If you choose to heed Acton’s call to delete your Facebook account, it could take you up to 90 days to completely remove your profile. That’s the time Facebook takes to process account deletion requests. Once your account is gone, it’s gone forever. It can’t be recovered. Oddly, the button to delete Facebook isn’t found in the menu or settings. It lives on another page.  

To delete your account, head over to Facebook’s "Delete Account page” and select “Delete My Account.” Before deleting, you may want to first download a copy of your entire account information, including your Timeline information, posts you have shared, friends, photos and messages. Go to the Settings page after logging in and click “Download a copy of your Facebook data.”

Facebook offers a much less permanent option called deactivation that prevents your account from appearing for other users and in search. With this option, you can re-activate your account whenever you want at a later date and continue from where you left off.

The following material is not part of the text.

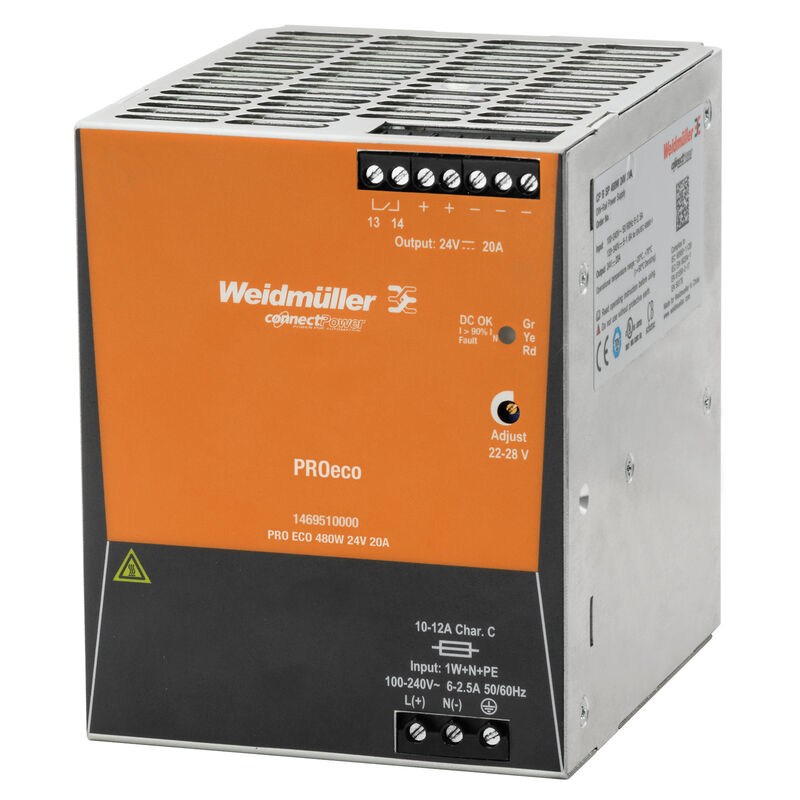 1469510000 Fonte PRO ECO 480W 24V 20A Weidmuller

Deactivating might stop Facebook tracking you going forward because you won't be using the service, but all of the information it will have collected and those it will continue to collect using other apps it owns like Instagram and WhatsApp will still be available to it.  

“De­le­te­ an­d fo­rg­et­ it­,” Acton stressed in a reply to his original tweet. “No­w'­s th­e ti­me­ to­ ca­re­ ab­ou­t pr­iv­ac­y.”